Task objective.
Print the lines below from the line with "Casa à venda com 360m², 3 quartos e 2 vagas Casa" to the line with "GMC Yukon Vehicle" exactly, keeping both ends, and print no pictures.

Records for processing.
'''
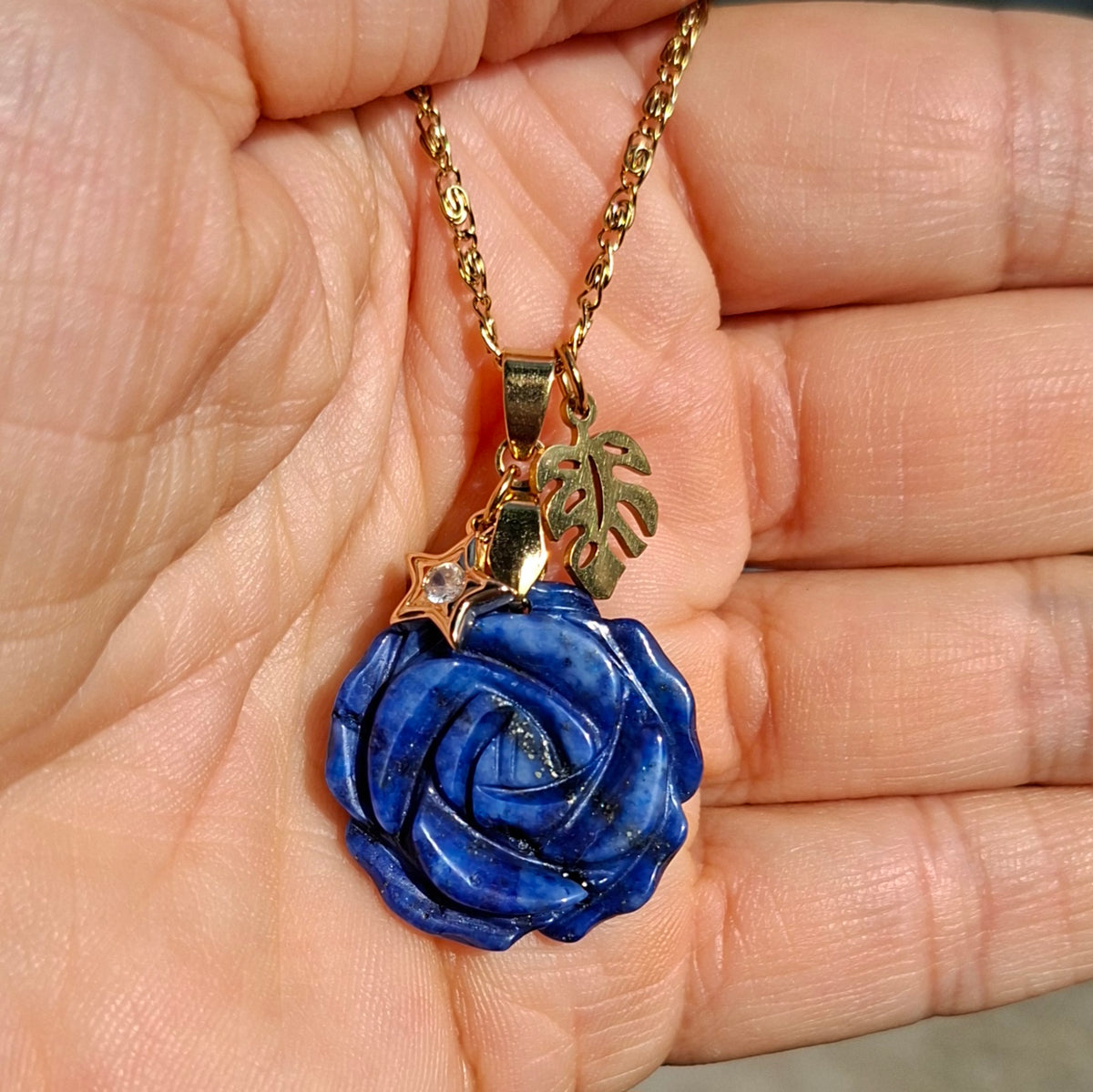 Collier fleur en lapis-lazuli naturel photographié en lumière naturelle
'''
'''
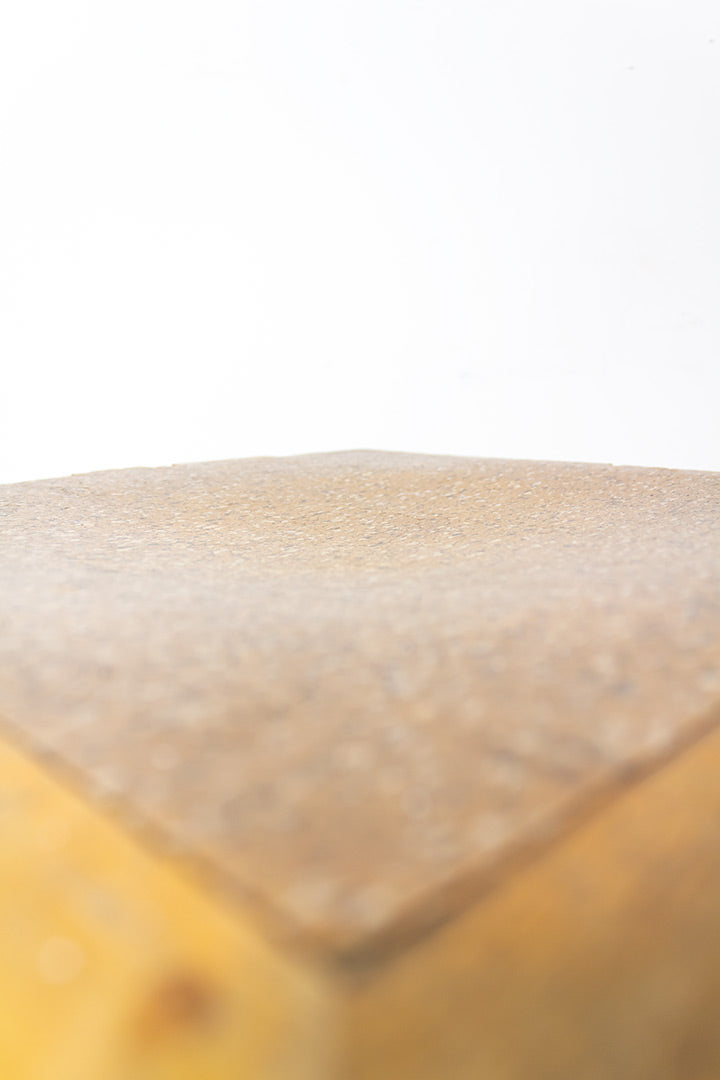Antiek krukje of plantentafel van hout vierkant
'''
'''
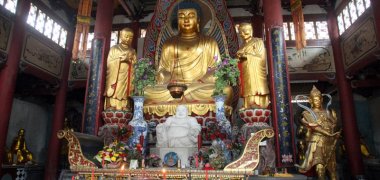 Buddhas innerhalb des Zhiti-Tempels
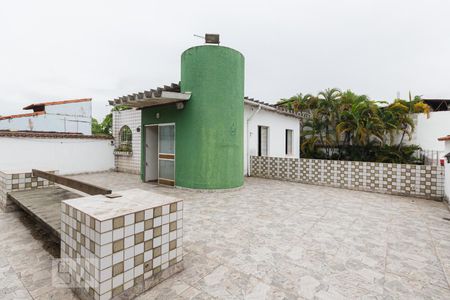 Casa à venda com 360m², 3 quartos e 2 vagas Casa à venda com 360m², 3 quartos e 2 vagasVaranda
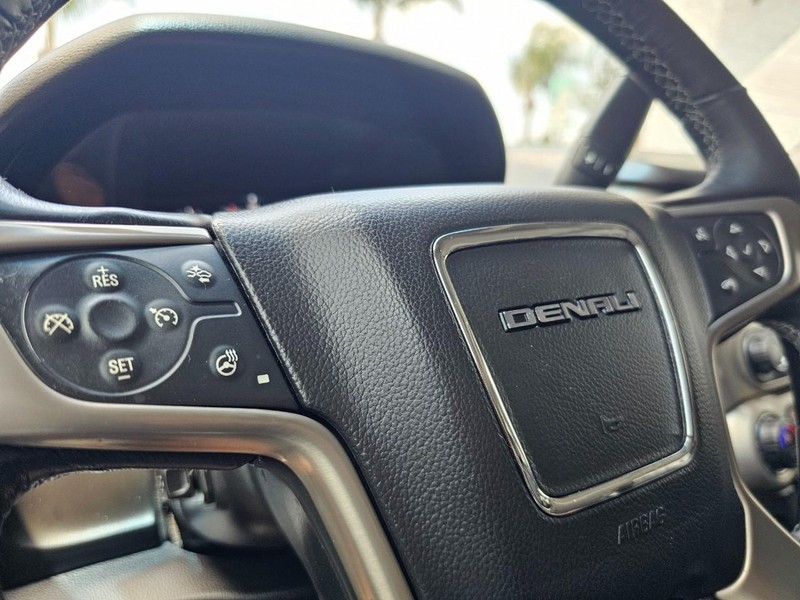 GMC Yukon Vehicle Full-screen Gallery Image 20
'''
Written answer.
 Casa à venda com 360m², 3 quartos e 2 vagas Casa à venda com 360m², 3 quartos e 2 vagasVaranda
 GMC Yukon Vehicle Full-screen Gallery Image 20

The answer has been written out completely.